Apart from pictures, transcribe exactly each line from the one containing "lot 431331 image: Retails" through the final line of the listing below.

• Provided data:
══════════════════════════════

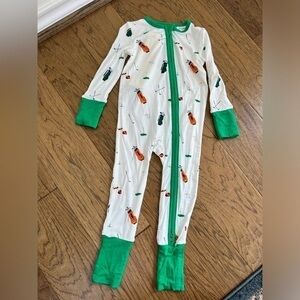 Angel Dear Bamboo golf zipper romper‎ footie onesie fold over hand and feet NWT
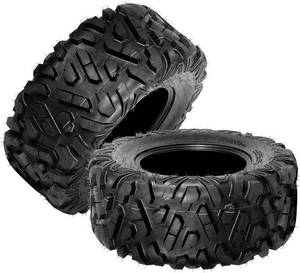 lot 431331 image: Retails for $260 6-Ply Tubeless ATVUTV Tires Set   Heavy Duty, All-Terrain, Off-Road for Trail, Mud, Sand, Dirt, Snow   Fits Quad, 4 Wheeler   Size AT29X11-14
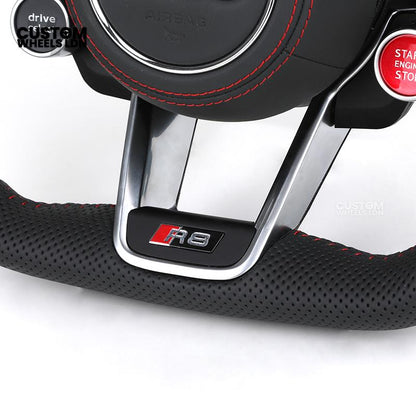 Audi Custom R8-Style Flat Bottom Steering Wheel – Perforated Leather, Red Stitching, Silver Paddles, Start Button | Fits A4, A5, S5, A6, A7, S6, S7, Q5, SQ5 + more | Plug & Play | With Airbag | Upgrade for Older Models Available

══════════════════════════════

• Task answer:
 lot 431331 image: Retails for $260 6-Ply Tubeless ATVUTV Tires Set   Heavy Duty, All-Terrain, Off-Road for Trail, Mud, Sand, Dirt, Snow   Fits Quad, 4 Wheeler   Size AT29X11-14
 Audi Custom R8-Style Flat Bottom Steering Wheel – Perforated Leather, Red Stitching, Silver Paddles, Start Button | Fits A4, A5, S5, A6, A7, S6, S7, Q5, SQ5 + more | Plug & Play | With Airbag | Upgrade for Older Models Available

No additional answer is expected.